## Description of the task
What are the lines, word for word, from the line with "Maison de 4" up to and including the line with "Ginkgo Biloba extracto" in the records below? Omit the pictures.

## Data for the task
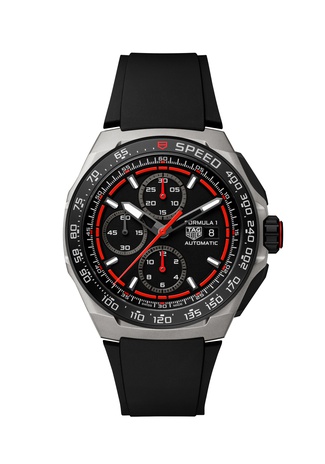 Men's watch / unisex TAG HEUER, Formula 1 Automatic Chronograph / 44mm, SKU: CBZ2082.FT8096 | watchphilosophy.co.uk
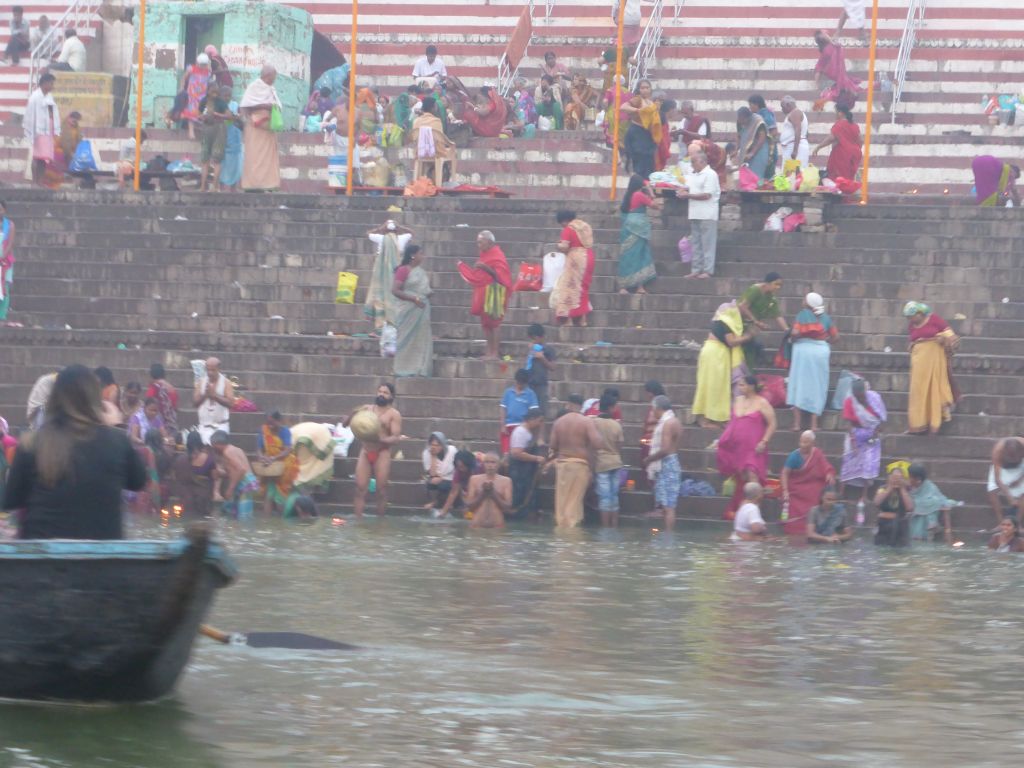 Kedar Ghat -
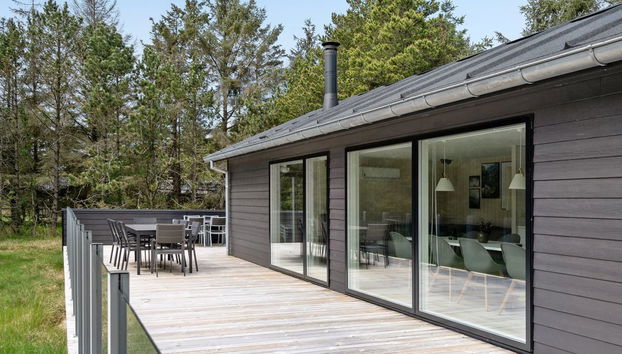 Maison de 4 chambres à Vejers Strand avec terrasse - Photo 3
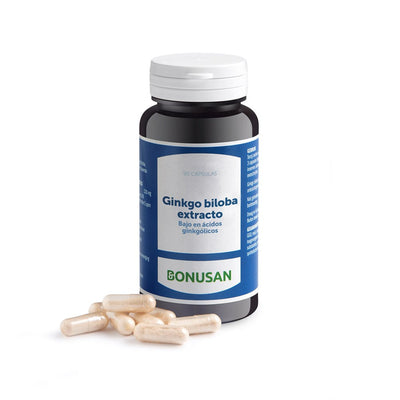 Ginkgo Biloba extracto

--

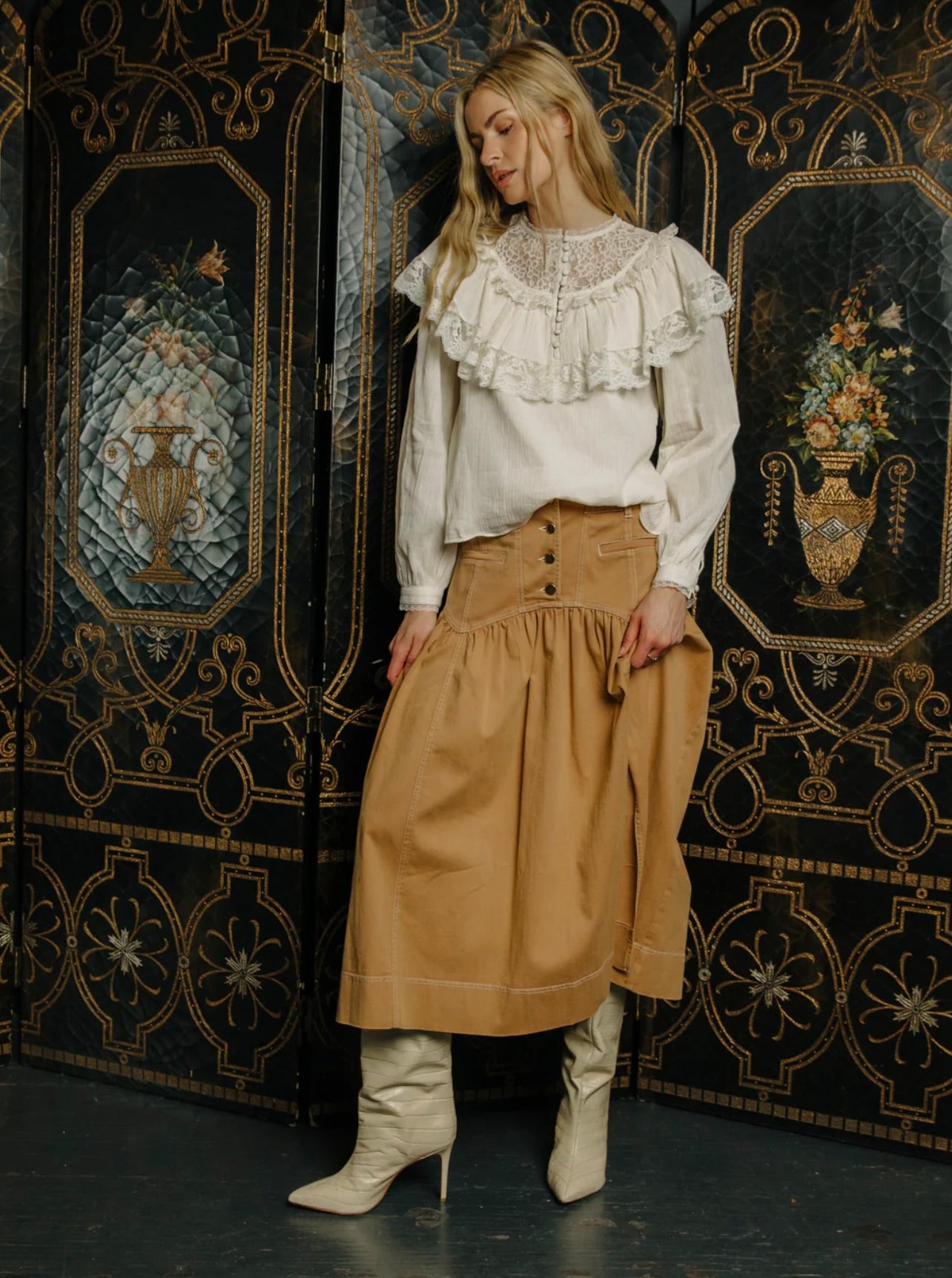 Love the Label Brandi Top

==

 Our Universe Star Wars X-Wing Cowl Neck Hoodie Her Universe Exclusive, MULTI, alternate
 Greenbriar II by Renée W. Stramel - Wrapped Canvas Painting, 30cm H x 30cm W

## Output of the exercise
 Maison de 4 chambres à Vejers Strand avec terrasse - Photo 3
 Ginkgo Biloba extracto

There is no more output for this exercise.